## WHAT TO DO
What is needed here is an exact transcription of all the entries.

## DATA SUPPLIED

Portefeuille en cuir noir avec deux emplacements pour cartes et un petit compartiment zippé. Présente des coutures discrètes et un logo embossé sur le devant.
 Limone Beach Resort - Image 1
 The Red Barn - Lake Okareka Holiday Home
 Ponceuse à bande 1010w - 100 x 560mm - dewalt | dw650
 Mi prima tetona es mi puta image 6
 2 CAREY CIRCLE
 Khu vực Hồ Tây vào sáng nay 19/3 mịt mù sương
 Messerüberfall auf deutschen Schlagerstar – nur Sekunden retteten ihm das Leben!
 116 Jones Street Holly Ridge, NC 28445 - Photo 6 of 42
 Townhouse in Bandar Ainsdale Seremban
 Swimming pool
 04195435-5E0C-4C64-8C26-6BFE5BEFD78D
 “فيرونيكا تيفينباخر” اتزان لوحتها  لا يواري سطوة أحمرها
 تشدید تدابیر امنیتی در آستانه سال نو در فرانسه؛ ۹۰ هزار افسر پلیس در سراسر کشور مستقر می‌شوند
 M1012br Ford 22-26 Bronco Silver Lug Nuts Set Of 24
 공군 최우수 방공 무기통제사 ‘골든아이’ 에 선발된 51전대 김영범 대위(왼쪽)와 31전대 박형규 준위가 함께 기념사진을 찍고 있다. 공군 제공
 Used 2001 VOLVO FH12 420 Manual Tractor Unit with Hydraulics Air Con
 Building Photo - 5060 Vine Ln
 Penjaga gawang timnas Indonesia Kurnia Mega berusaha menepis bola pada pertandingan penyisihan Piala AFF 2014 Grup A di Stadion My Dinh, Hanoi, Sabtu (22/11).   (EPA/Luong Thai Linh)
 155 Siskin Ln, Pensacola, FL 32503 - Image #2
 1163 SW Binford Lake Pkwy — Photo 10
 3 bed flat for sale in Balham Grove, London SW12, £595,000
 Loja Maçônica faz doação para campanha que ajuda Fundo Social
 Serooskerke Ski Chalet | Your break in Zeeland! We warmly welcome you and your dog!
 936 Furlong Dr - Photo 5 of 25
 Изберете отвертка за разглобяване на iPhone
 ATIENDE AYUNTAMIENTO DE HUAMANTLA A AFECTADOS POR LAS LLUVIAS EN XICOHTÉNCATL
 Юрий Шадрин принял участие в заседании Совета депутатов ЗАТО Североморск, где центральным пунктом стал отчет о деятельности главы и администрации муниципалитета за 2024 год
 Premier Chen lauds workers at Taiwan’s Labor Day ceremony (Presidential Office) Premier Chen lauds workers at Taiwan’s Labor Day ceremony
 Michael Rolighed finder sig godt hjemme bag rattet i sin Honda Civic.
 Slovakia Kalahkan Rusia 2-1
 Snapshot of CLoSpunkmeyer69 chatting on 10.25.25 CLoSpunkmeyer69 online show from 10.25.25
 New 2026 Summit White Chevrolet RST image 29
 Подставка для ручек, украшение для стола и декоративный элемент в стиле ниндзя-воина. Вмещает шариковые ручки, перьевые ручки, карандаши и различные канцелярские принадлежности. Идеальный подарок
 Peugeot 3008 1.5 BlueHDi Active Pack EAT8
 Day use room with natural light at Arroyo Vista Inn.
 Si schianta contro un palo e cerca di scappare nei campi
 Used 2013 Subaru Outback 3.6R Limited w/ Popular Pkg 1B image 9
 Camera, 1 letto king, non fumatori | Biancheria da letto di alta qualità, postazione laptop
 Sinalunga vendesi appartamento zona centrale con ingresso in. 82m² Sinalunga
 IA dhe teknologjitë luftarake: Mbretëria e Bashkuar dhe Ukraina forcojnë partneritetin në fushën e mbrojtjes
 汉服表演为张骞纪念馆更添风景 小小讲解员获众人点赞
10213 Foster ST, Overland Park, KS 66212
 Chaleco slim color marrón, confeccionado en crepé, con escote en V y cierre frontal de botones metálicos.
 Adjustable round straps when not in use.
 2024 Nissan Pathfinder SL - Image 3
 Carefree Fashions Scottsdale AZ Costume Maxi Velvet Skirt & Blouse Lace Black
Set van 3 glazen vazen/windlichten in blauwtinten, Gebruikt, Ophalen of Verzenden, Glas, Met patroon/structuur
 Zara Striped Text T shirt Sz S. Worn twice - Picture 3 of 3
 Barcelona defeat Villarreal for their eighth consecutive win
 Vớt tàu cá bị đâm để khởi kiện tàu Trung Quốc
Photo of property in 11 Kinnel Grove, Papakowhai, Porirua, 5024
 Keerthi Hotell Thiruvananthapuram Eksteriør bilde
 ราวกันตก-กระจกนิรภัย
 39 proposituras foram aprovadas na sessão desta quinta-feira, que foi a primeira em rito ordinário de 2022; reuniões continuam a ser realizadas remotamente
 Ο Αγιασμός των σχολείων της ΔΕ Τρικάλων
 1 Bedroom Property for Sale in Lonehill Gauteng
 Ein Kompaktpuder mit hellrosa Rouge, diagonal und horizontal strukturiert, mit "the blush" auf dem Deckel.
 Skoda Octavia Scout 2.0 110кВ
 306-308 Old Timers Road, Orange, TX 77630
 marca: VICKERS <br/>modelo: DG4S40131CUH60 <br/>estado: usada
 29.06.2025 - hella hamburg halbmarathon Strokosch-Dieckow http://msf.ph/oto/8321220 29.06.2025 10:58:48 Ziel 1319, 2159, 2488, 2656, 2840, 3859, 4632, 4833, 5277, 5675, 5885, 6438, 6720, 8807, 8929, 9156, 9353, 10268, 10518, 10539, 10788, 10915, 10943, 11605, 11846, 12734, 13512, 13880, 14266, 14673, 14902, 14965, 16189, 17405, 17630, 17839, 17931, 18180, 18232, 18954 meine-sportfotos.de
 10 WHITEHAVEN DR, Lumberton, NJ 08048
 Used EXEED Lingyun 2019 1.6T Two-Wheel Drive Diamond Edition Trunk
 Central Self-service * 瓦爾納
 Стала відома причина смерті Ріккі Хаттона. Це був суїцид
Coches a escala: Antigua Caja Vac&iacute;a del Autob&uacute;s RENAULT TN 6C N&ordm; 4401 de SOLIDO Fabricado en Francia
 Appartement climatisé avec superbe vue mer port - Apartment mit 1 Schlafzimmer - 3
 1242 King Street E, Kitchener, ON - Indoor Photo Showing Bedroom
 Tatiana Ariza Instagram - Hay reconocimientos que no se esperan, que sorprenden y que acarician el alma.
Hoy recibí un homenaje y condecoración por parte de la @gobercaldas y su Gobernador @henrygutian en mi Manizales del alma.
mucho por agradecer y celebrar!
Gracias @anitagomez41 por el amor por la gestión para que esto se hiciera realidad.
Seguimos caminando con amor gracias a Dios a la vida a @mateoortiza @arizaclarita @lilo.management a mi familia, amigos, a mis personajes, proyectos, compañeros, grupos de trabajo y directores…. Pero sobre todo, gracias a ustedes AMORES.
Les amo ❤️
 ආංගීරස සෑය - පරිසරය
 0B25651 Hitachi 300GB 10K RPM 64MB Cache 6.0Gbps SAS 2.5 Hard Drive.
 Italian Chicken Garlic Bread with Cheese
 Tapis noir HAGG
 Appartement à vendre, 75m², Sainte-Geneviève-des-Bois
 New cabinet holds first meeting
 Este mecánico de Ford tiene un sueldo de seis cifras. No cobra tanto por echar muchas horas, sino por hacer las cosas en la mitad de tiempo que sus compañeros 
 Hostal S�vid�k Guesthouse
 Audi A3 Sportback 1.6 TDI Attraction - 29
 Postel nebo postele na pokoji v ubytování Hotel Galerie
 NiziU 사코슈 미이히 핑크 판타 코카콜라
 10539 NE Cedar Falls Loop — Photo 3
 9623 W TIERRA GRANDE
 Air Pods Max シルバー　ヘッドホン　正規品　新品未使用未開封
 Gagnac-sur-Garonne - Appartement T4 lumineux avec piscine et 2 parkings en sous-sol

## ANSWER SPACE
Portefeuille en cuir noir avec deux emplacements pour cartes et un petit compartiment zippé. Présente des coutures discrètes et un logo embossé sur le devant.
 Limone Beach Resort - Image 1
 The Red Barn - Lake Okareka Holiday Home
 Ponceuse à bande 1010w - 100 x 560mm - dewalt | dw650
 Mi prima tetona es mi puta image 6
 2 CAREY CIRCLE
 Khu vực Hồ Tây vào sáng nay 19/3 mịt mù sương
 Messerüberfall auf deutschen Schlagerstar – nur Sekunden retteten ihm das Leben!
 116 Jones Street Holly Ridge, NC 28445 - Photo 6 of 42
 Townhouse in Bandar Ainsdale Seremban
 Swimming pool
 04195435-5E0C-4C64-8C26-6BFE5BEFD78D
 “فيرونيكا تيفينباخر” اتزان لوحتها  لا يواري سطوة أحمرها
 تشدید تدابیر امنیتی در آستانه سال نو در فرانسه؛ ۹۰ هزار افسر پلیس در سراسر کشور مستقر می‌شوند
 M1012br Ford 22-26 Bronco Silver Lug Nuts Set Of 24
 공군 최우수 방공 무기통제사 ‘골든아이’ 에 선발된 51전대 김영범 대위(왼쪽)와 31전대 박형규 준위가 함께 기념사진을 찍고 있다. 공군 제공
 Used 2001 VOLVO FH12 420 Manual Tractor Unit with Hydraulics Air Con
 Building Photo - 5060 Vine Ln
 Penjaga gawang timnas Indonesia Kurnia Mega berusaha menepis bola pada pertandingan penyisihan Piala AFF 2014 Grup A di Stadion My Dinh, Hanoi, Sabtu (22/11).   (EPA/Luong Thai Linh)
 155 Siskin Ln, Pensacola, FL 32503 - Image #2
 1163 SW Binford Lake Pkwy — Photo 10
 3 bed flat for sale in Balham Grove, London SW12, £595,000
 Loja Maçônica faz doação para campanha que ajuda Fundo Social
 Serooskerke Ski Chalet | Your break in Zeeland! We warmly welcome you and your dog!
 936 Furlong Dr - Photo 5 of 25
 Изберете отвертка за разглобяване на iPhone
 ATIENDE AYUNTAMIENTO DE HUAMANTLA A AFECTADOS POR LAS LLUVIAS EN XICOHTÉNCATL
 Юрий Шадрин принял участие в заседании Совета депутатов ЗАТО Североморск, где центральным пунктом стал отчет о деятельности главы и администрации муниципалитета за 2024 год
 Premier Chen lauds workers at Taiwan’s Labor Day ceremony (Presidential Office) Premier Chen lauds workers at Taiwan’s Labor Day ceremony
 Michael Rolighed finder sig godt hjemme bag rattet i sin Honda Civic.
 Slovakia Kalahkan Rusia 2-1
 Snapshot of CLoSpunkmeyer69 chatting on 10.25.25 CLoSpunkmeyer69 online show from 10.25.25
 New 2026 Summit White Chevrolet RST image 29
 Подставка для ручек, украшение для стола и декоративный элемент в стиле ниндзя-воина. Вмещает шариковые ручки, перьевые ручки, карандаши и различные канцелярские принадлежности. Идеальный подарок
 Peugeot 3008 1.5 BlueHDi Active Pack EAT8
 Day use room with natural light at Arroyo Vista Inn.
 Si schianta contro un palo e cerca di scappare nei campi
 Used 2013 Subaru Outback 3.6R Limited w/ Popular Pkg 1B image 9
 Camera, 1 letto king, non fumatori | Biancheria da letto di alta qualità, postazione laptop
 Sinalunga vendesi appartamento zona centrale con ingresso in. 82m² Sinalunga
 IA dhe teknologjitë luftarake: Mbretëria e Bashkuar dhe Ukraina forcojnë partneritetin në fushën e mbrojtjes
 汉服表演为张骞纪念馆更添风景 小小讲解员获众人点赞
10213 Foster ST, Overland Park, KS 66212
 Chaleco slim color marrón, confeccionado en crepé, con escote en V y cierre frontal de botones metálicos.
 Adjustable round straps when not in use.
 2024 Nissan Pathfinder SL - Image 3
 Carefree Fashions Scottsdale AZ Costume Maxi Velvet Skirt & Blouse Lace Black
Set van 3 glazen vazen/windlichten in blauwtinten, Gebruikt, Ophalen of Verzenden, Glas, Met patroon/structuur
 Zara Striped Text T shirt Sz S. Worn twice - Picture 3 of 3
 Barcelona defeat Villarreal for their eighth consecutive win
 Vớt tàu cá bị đâm để khởi kiện tàu Trung Quốc
Photo of property in 11 Kinnel Grove, Papakowhai, Porirua, 5024
 Keerthi Hotell Thiruvananthapuram Eksteriør bilde
 ราวกันตก-กระจกนิรภัย
 39 proposituras foram aprovadas na sessão desta quinta-feira, que foi a primeira em rito ordinário de 2022; reuniões continuam a ser realizadas remotamente
 Ο Αγιασμός των σχολείων της ΔΕ Τρικάλων
 1 Bedroom Property for Sale in Lonehill Gauteng
 Ein Kompaktpuder mit hellrosa Rouge, diagonal und horizontal strukturiert, mit "the blush" auf dem Deckel.
 Skoda Octavia Scout 2.0 110кВ
 306-308 Old Timers Road, Orange, TX 77630
 marca: VICKERS <br/>modelo: DG4S40131CUH60 <br/>estado: usada
 29.06.2025 - hella hamburg halbmarathon Strokosch-Dieckow http://msf.ph/oto/8321220 29.06.2025 10:58:48 Ziel 1319, 2159, 2488, 2656, 2840, 3859, 4632, 4833, 5277, 5675, 5885, 6438, 6720, 8807, 8929, 9156, 9353, 10268, 10518, 10539, 10788, 10915, 10943, 11605, 11846, 12734, 13512, 13880, 14266, 14673, 14902, 14965, 16189, 17405, 17630, 17839, 17931, 18180, 18232, 18954 meine-sportfotos.de
 10 WHITEHAVEN DR, Lumberton, NJ 08048
 Used EXEED Lingyun 2019 1.6T Two-Wheel Drive Diamond Edition Trunk
 Central Self-service * 瓦爾納
 Стала відома причина смерті Ріккі Хаттона. Це був суїцид
Coches a escala: Antigua Caja Vac&iacute;a del Autob&uacute;s RENAULT TN 6C N&ordm; 4401 de SOLIDO Fabricado en Francia
 Appartement climatisé avec superbe vue mer port - Apartment mit 1 Schlafzimmer - 3
 1242 King Street E, Kitchener, ON - Indoor Photo Showing Bedroom
 Tatiana Ariza Instagram - Hay reconocimientos que no se esperan, que sorprenden y que acarician el alma.
Hoy recibí un homenaje y condecoración por parte de la @gobercaldas y su Gobernador @henrygutian en mi Manizales del alma.
mucho por agradecer y celebrar!
Gracias @anitagomez41 por el amor por la gestión para que esto se hiciera realidad.
Seguimos caminando con amor gracias a Dios a la vida a @mateoortiza @arizaclarita @lilo.management a mi familia, amigos, a mis personajes, proyectos, compañeros, grupos de trabajo y directores…. Pero sobre todo, gracias a ustedes AMORES.
Les amo ❤️
 ආංගීරස සෑය - පරිසරය
 0B25651 Hitachi 300GB 10K RPM 64MB Cache 6.0Gbps SAS 2.5 Hard Drive.
 Italian Chicken Garlic Bread with Cheese
 Tapis noir HAGG
 Appartement à vendre, 75m², Sainte-Geneviève-des-Bois
 New cabinet holds first meeting
 Este mecánico de Ford tiene un sueldo de seis cifras. No cobra tanto por echar muchas horas, sino por hacer las cosas en la mitad de tiempo que sus compañeros 
 Hostal S�vid�k Guesthouse
 Audi A3 Sportback 1.6 TDI Attraction - 29
 Postel nebo postele na pokoji v ubytování Hotel Galerie
 NiziU 사코슈 미이히 핑크 판타 코카콜라
 10539 NE Cedar Falls Loop — Photo 3
 9623 W TIERRA GRANDE
 Air Pods Max シルバー　ヘッドホン　正規品　新品未使用未開封
 Gagnac-sur-Garonne - Appartement T4 lumineux avec piscine et 2 parkings en sous-sol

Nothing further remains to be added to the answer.